The business case was straightforward but compelling. A faster, more flexible CI/CD system would unlock engineering autonomy and drastically shorten iteration loops. If queue times could drop from minutes to seconds, if builds could speed up significantly, and if the complexity of sprawling, hard‑to‑maintain configurations could be eliminated, the result would be a happier and more productive developer base. Achieving this without increasing spend would mean not just a technical win, but a cost‑neutral transformation of Reddit’s ability to deliver high‑quality mobile features at the pace its users expect.
Solution
Reddit’s mobile CI/CD overhaul began with a rigorous evaluation of ten different platforms, including Buildkite, GitHub Actions, TeamCity, and Drone. After months of research, prototyping, and side-by-side trials, Buildkite emerged as the solution best aligned with Reddit’s scale, Kubernetes-first infrastructure, and need for developer-friendly pipelines.

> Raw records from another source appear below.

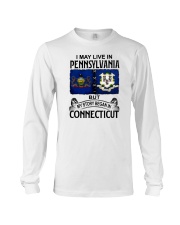LIVE IN PENNSYLVANIA BEGAN IN CONNECTICUT Long Sleeve Tee tile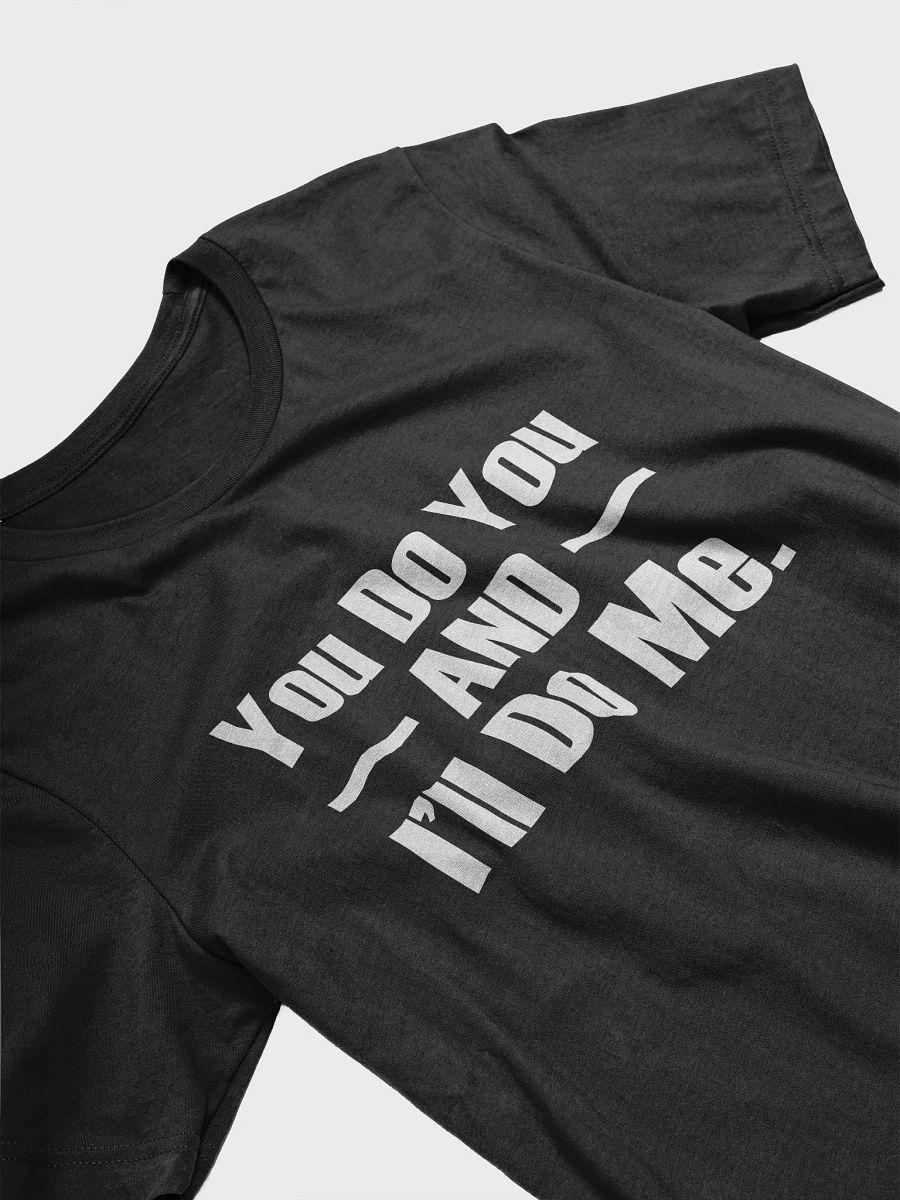 You Do You and I'll Do Me product image (26)
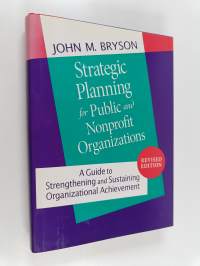 Strategic planning for public and nonprofit organizations : a guide to strengthening and sustaining organizational achievement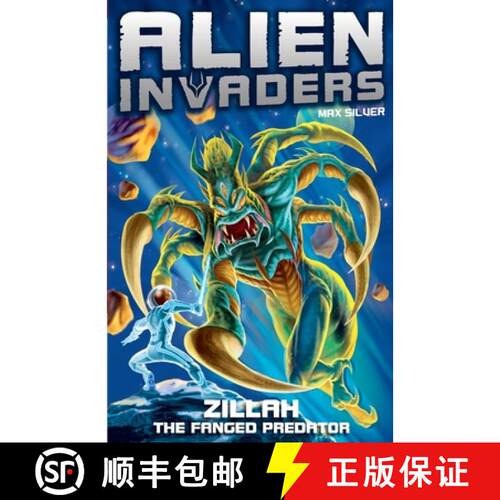 【3-4周达】Alien Invaders 3: Zillah - The Fanged Predator [9781782957638]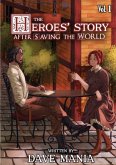The Heroes' Story After Saving the World - Volume 1
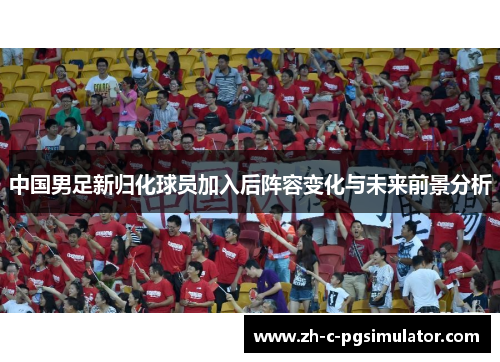 中国男足新归化球员加入后阵容变化与未来前景分析 中国男足新归化球员加入后阵容变化与未来前景分析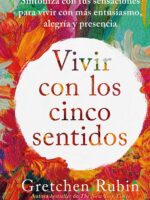 Vivir con los cinco sentidos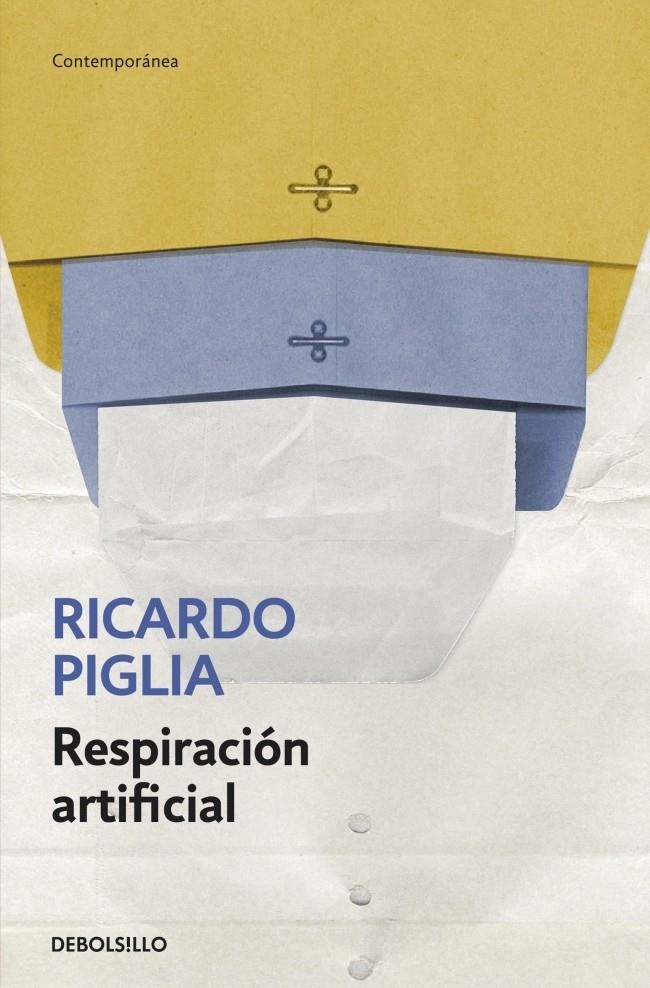 RESPIRACION ARTIFICIAL | 9788490327845 | PIGLIA, RICARDO | Llibreria L'Altell - Llibreria Online de Banyoles | Comprar llibres en català i castellà online - Llibreria de Girona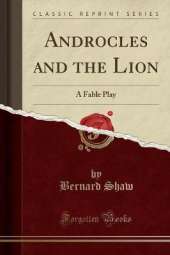 Androcles and the Lion: A Fable Play (Classic Reprint)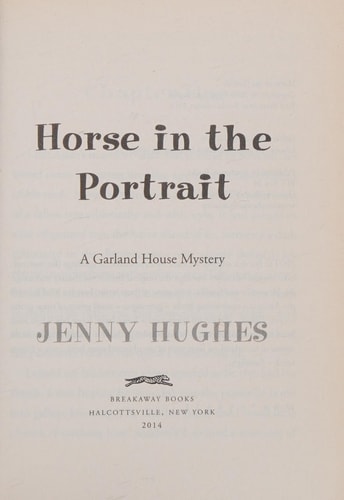 Horse in the Portrait (Garland House Mystery)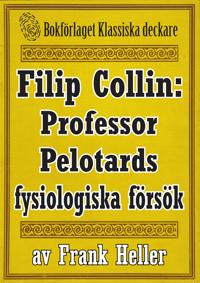Filip Collin: Professor Pelotards fysiologiska försök. Återutgivning av text från 1949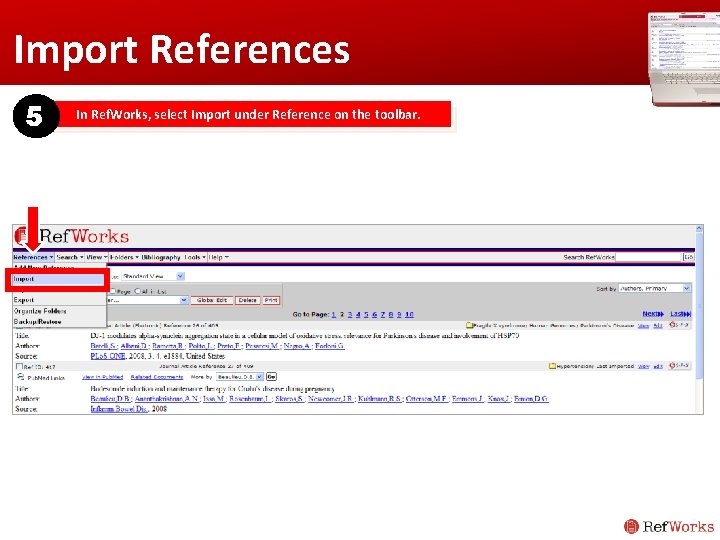 Import References 5 In Ref. Works, select Import under Reference on the toolbar. Import References 5 In Ref. Works, select Import under Reference on the toolbar.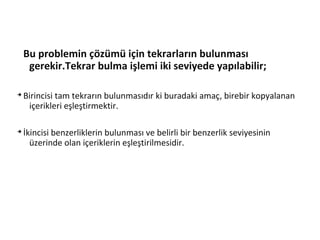 Bu problemin çözümü için tekrarların bulunması
gerekir.Tekrar bulma işlemi iki seviyede yapılabilir;
➔
Birincisi tam tekrarın bulunmasıdır ki buradaki amaç, birebir kopyalanan
içerikleri eşleştirmektir.
➔
İkincisi benzerliklerin bulunması ve belirli bir benzerlik seviyesinin
üzerinde olan içeriklerin eşleştirilmesidir.
 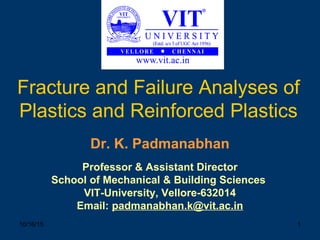 10/16/15 1
Fracture and Failure Analyses of
Plastics and Reinforced Plastics
Dr. K. Padmanabhan
Professor & Assistant Director
School of Mechanical & Building Sciences
VIT-University, Vellore-632014
Email: padmanabhan.k@vit.ac.in
 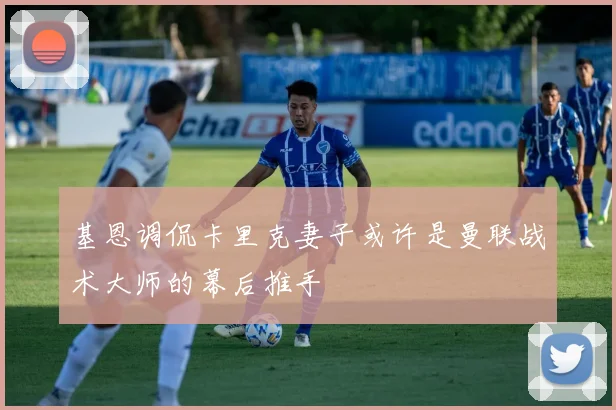 基恩调侃卡里克妻子或许是曼联战术大师的幕后推手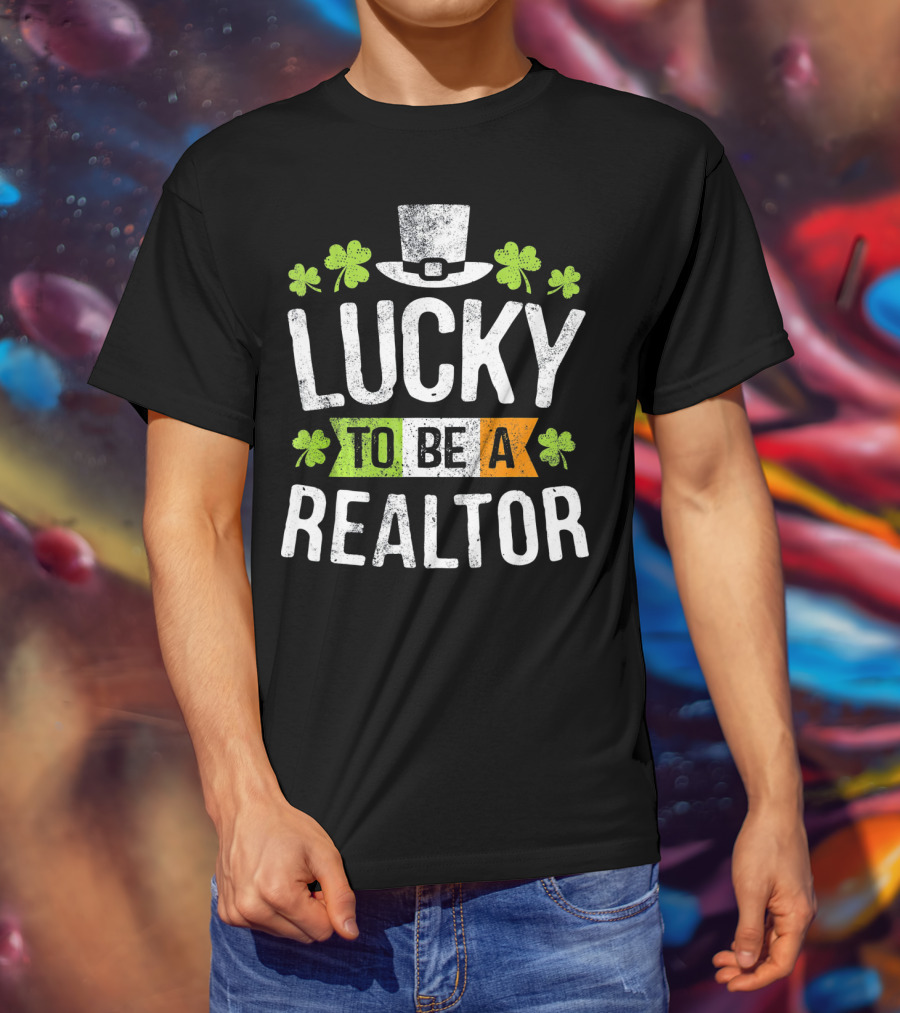 Lucky To Be A Realtor St Patrick Clover Hat T-Shirt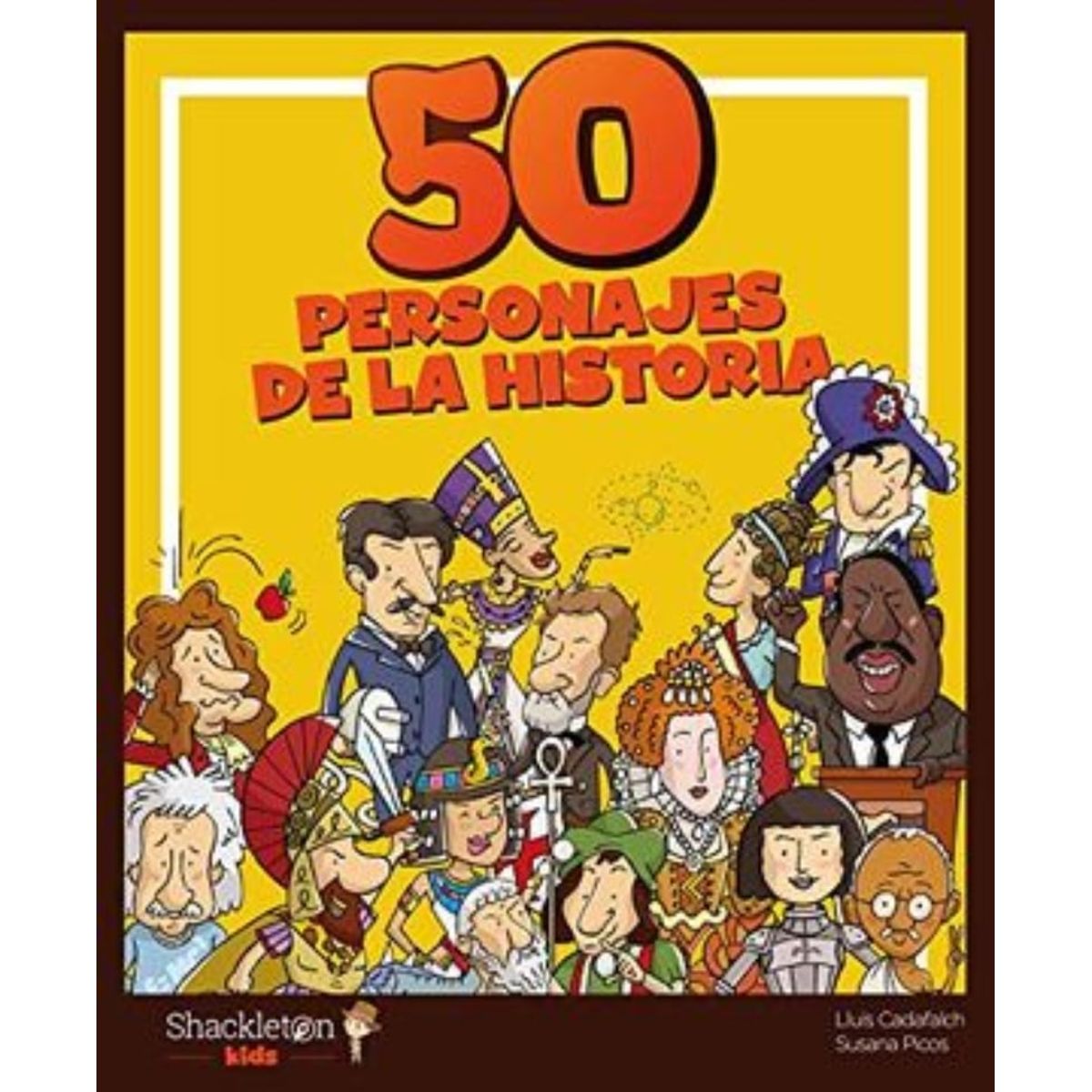 TOP10BOOKS - LIBRO 50 Personajes De La Historia - 50 Personajes De La Historia
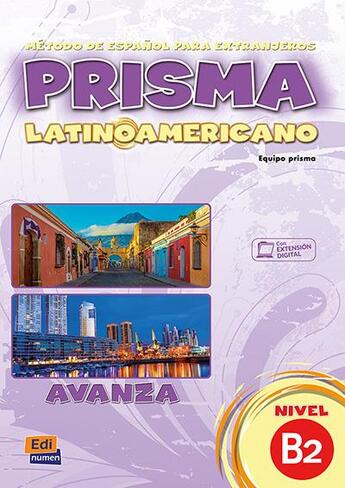 Couverture du livre « Prisma latinoamericano ; libro del alumno ; B2 » de  aux éditions Edinumen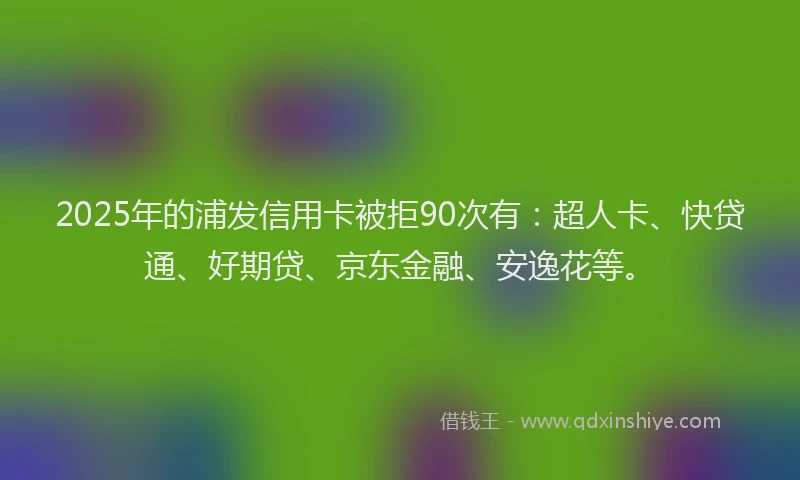 2025年的浦发信用卡被拒90次有：超人卡、快贷通、好期贷、京东金融、安逸花等。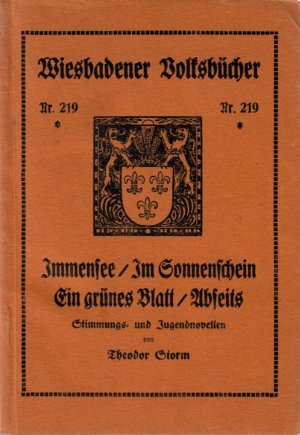 Immensee / Im Sonnenschein / Ein grünes Blatt / Abseits. Vier Stimmungs- und Jugendnovellen. = Wiesbadener Volksbücher Nr. 219.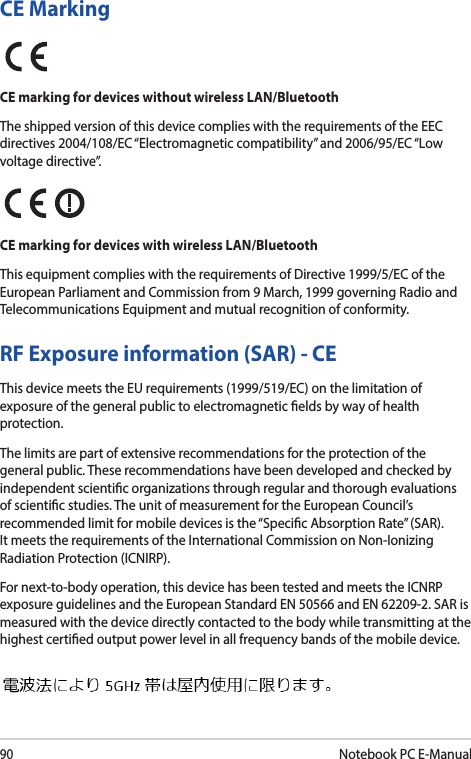 90Notebook PC E-ManualRF Exposure information (SAR) - CEThis device meets the EU requirements (1999/519/EC) on the limitation of exposure of the general public to electromagnetic elds by way of health protection.The limits are part of extensive recommendations for the protection of the general public. These recommendations have been developed and checked by independent scientic organizations through regular and thorough evaluations of scientic studies. The unit of measurement for the European Council’s recommended limit for mobile devices is the “Specic Absorption Rate” (SAR). It meets the requirements of the International Commission on Non-Ionizing Radiation Protection (ICNIRP).For next-to-body operation, this device has been tested and meets the ICNRP exposure guidelines and the European Standard EN 50566 and EN 62209-2. SAR is measured with the device directly contacted to the body while transmitting at the  highest certied output power level in all frequency bands of the mobile device.CE MarkingCE marking for devices without wireless LAN/BluetoothThe shipped version of this device complies with the requirements of the EEC directives 2004/108/EC “Electromagnetic compatibility” and 2006/95/EC “Low voltage directive”.CE marking for devices with wireless LAN/BluetoothThis equipment complies with the requirements of Directive 1999/5/EC of the European Parliament and Commission from 9 March, 1999 governing Radio and Telecommunications Equipment and mutual recognition of conformity.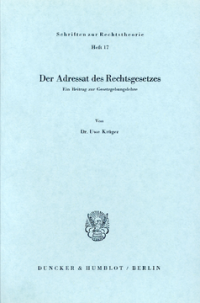 Der Adressat des Rechtsgesetzes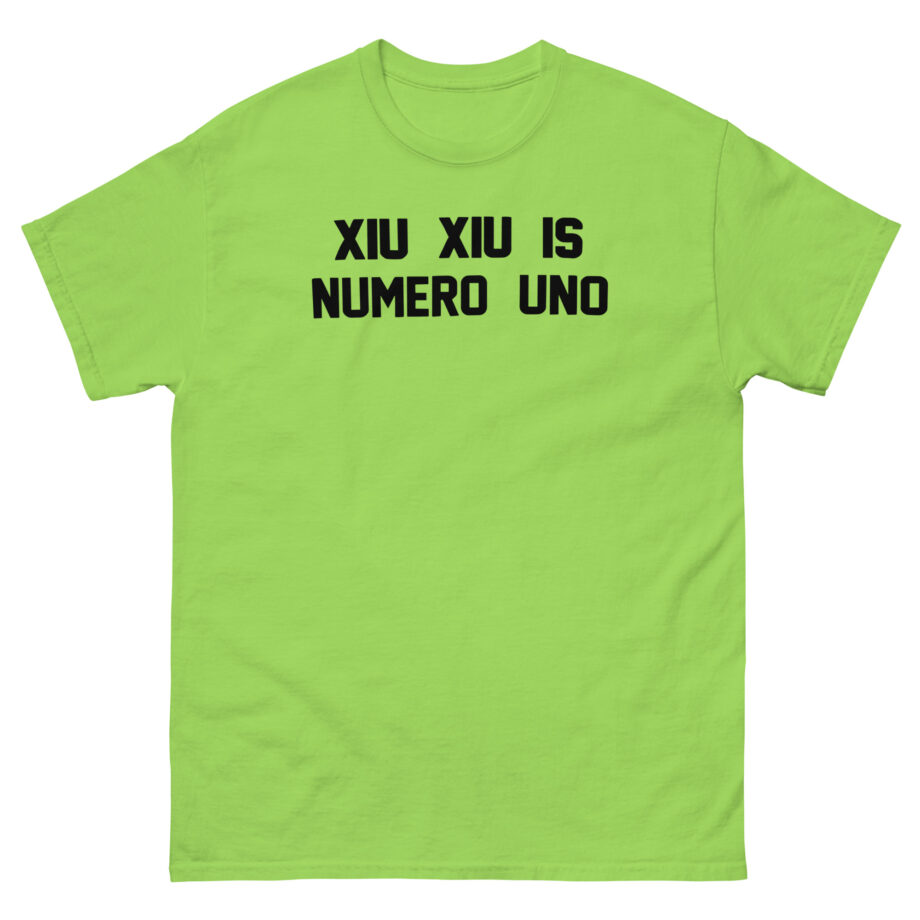 Xiu Xiu is Numero Uno Unisex classic tee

Buildkite’s runtime‑generated, composable pipelines were a notable breakthrough. “Our configuration had gotten out of hand,” said Hackett. “We had like 6,000 lines of YAML that we eventually split across multiple files.” Instead of hard‑coding dozens of shards, engineers now define a small “seed” step in Buildkite that emits YAML dynamically at runtime. Using clean, maintainable logic written in Python or a similarly familiar language, they can compose reusable units on the fly, eliminating duplication and making structural changes without mass edits across multiple files. This replaced brittle, hard‑coded orchestration with elegant, evolvable logic that scales smoothly with team needs.
For compute, Reddit deployed a hybrid approach that blends Buildkite’s high‑performance hosted agents with powerful Linux runners for remote execution. By tightly integrating with Bazel and BuildBuddy, both iOS and Android pipelines now run efficiently in a Linux environment, without the complexity or cost of bespoke Mac infrastructure for most stages. This architecture not only improves performance but also reduces operational dependencies, allowing teams to iterate on pipelines faster. “The decision was actually made for us when we decided we weren’t ready to host our own builders,” said Hackett. “Buildkite was the only option that gave us the flexibility to use the same system for hosted and on-prem builders, while improving the developer experience.”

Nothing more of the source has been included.